Kagan, who received an invitation Wednesday, noted that half of the county’s Senate delegation is Jewish.
Hogan’s invitation to the Gaithersburg event promised a “major multi-jurisdictional transportation announcement.” Messages left with the governor’s office were not answered.
Todd Eberly, a political scientist at St. Mary’s College, noted that Montgomery County has a significant Jewish population.
“I would consider that to be a faux pas,” Eberly said. “Why would you schedule a major announcement for a day that is a holiday for those folks?”
Eberly said somebody on Hogan’s scheduling staff is likely to receive a “severe tongue-lashing” but added that “the buck stops at the top.”

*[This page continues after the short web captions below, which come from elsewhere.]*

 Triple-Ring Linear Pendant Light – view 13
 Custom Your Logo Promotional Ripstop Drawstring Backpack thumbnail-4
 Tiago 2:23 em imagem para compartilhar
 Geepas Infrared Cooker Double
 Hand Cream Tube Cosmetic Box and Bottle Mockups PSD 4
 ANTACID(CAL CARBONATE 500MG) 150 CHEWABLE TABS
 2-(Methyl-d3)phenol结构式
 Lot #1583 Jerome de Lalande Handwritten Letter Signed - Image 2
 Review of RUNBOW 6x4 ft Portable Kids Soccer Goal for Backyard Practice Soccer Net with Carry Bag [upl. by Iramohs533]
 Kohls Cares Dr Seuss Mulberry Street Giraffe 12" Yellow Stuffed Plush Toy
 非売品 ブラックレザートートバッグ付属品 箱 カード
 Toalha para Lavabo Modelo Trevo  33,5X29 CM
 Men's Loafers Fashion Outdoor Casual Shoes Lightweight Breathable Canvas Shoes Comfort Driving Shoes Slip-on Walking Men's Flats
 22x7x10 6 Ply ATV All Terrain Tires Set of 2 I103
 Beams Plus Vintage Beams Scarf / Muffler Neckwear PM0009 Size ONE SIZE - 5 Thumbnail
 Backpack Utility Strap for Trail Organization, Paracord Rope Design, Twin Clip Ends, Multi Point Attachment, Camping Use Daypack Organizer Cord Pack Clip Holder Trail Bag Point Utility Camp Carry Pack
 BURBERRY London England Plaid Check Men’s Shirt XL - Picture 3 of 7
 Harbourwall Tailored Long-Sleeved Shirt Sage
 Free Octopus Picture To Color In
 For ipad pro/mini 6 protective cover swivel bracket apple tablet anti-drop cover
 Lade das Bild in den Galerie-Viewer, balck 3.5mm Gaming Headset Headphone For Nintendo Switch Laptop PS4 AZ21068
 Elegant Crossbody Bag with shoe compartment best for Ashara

Several Jewish members of the Montgomery County legislative delegation did not answer their phones in the evening. Under Jewish law, the holiday began at sundown.
Montgomery Del. Kirill Reznik, reached while there was still light in the sky, said it “probably wasn’t the best timing.”
Even though he normally isn’t shy about criticizing Hogan, Reznik said he wasn’t upset.
“These kinds of things, they’re timed when they’re timed,” he said. “It’s a constant issue that Jewish legislators contend with.”
Reznik noted that the House of Delegates typically meets on two Saturdays each session but never meets on Sundays, the Christian sabbath.